Working data:
*** Block opens ***

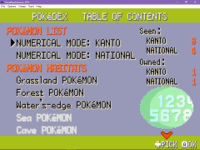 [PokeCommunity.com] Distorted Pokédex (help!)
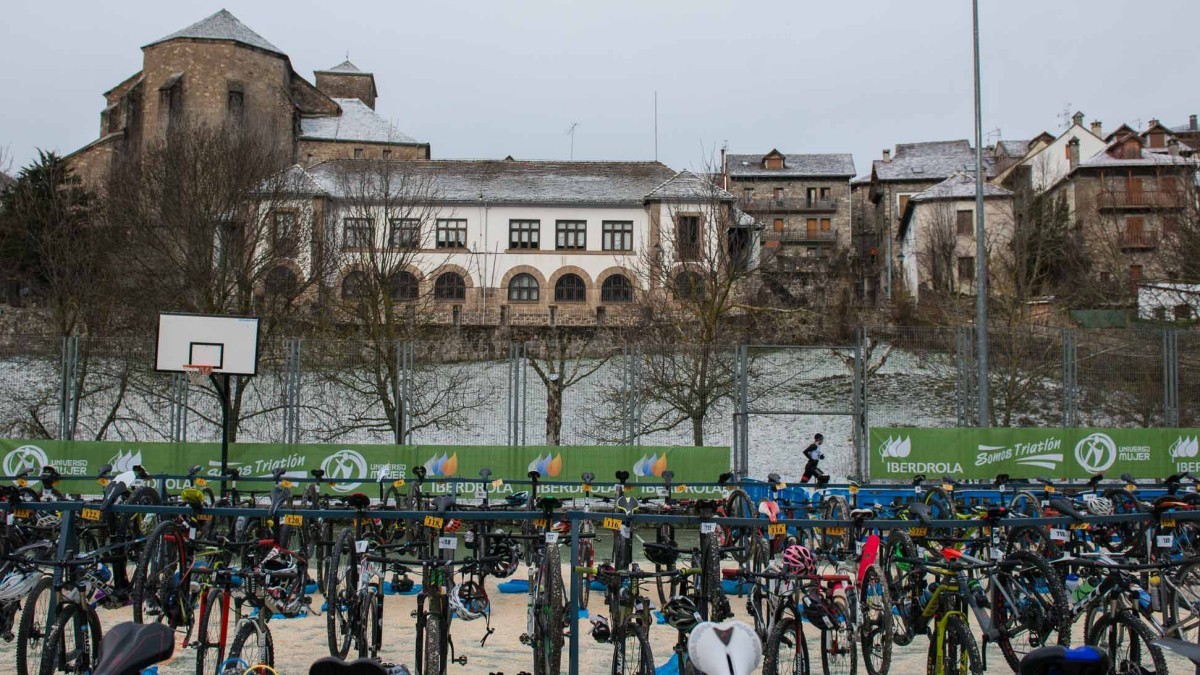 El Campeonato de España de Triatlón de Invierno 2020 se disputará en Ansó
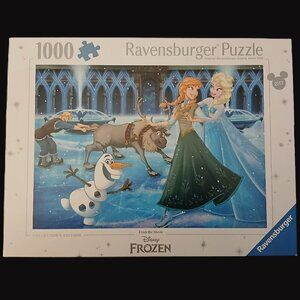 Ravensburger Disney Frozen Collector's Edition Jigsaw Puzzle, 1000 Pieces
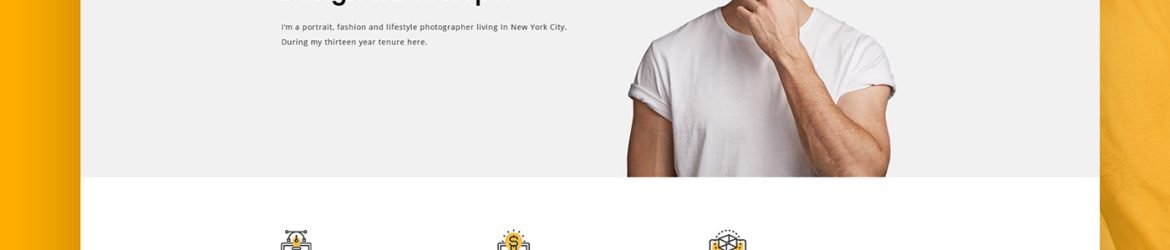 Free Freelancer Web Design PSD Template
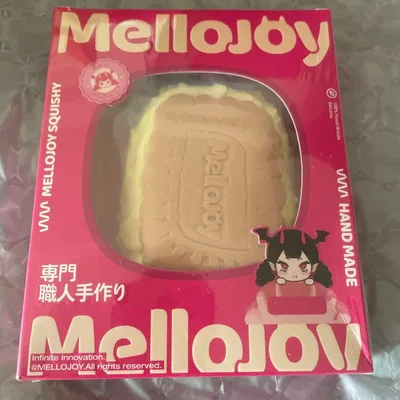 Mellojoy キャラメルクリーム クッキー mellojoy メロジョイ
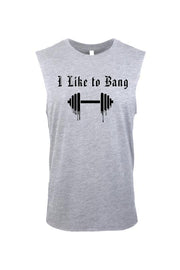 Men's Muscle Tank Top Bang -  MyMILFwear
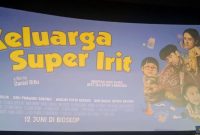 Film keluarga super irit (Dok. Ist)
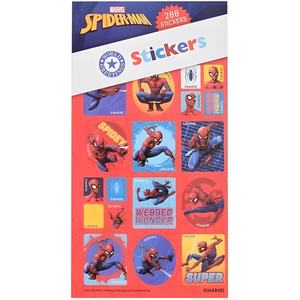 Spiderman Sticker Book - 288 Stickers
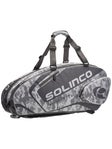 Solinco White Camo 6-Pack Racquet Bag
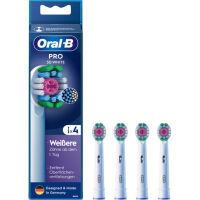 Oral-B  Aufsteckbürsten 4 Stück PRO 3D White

*** Block closes ***
*** Block opens ***

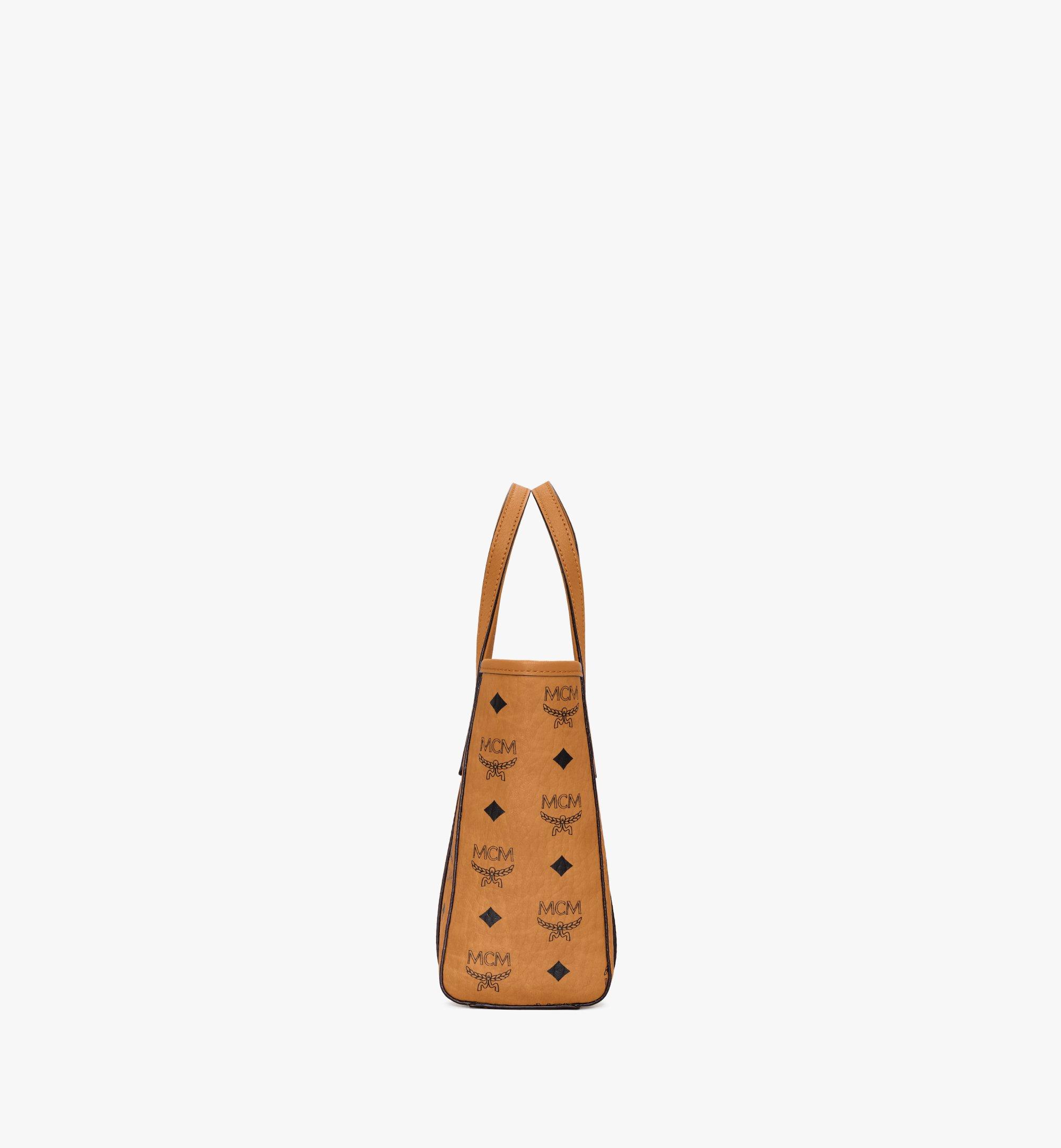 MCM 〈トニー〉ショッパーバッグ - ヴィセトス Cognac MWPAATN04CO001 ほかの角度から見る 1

*** Block closes ***
*** Block opens ***

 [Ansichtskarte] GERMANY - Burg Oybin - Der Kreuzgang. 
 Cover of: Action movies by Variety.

*** Block closes ***

Problem details:
Every line above between the one containing "[PokeCommunity.com] Distorted Pokédex" and the one containing "PRO 3D White", those two included, is to be printed exactly. No pictures go into the copy.

Your response:
 [PokeCommunity.com] Distorted Pokédex (help!)
 El Campeonato de España de Triatlón de Invierno 2020 se disputará en Ansó
 Ravensburger Disney Frozen Collector's Edition Jigsaw Puzzle, 1000 Pieces
 Free Freelancer Web Design PSD Template
 Mellojoy キャラメルクリーム クッキー mellojoy メロジョイ
 Men's Muscle Tank Top Bang -  MyMILFwear
 Film keluarga super irit (Dok. Ist)
 Spiderman Sticker Book - 288 Stickers
 Solinco White Camo 6-Pack Racquet Bag
 Oral-B  Aufsteckbürsten 4 Stück PRO 3D White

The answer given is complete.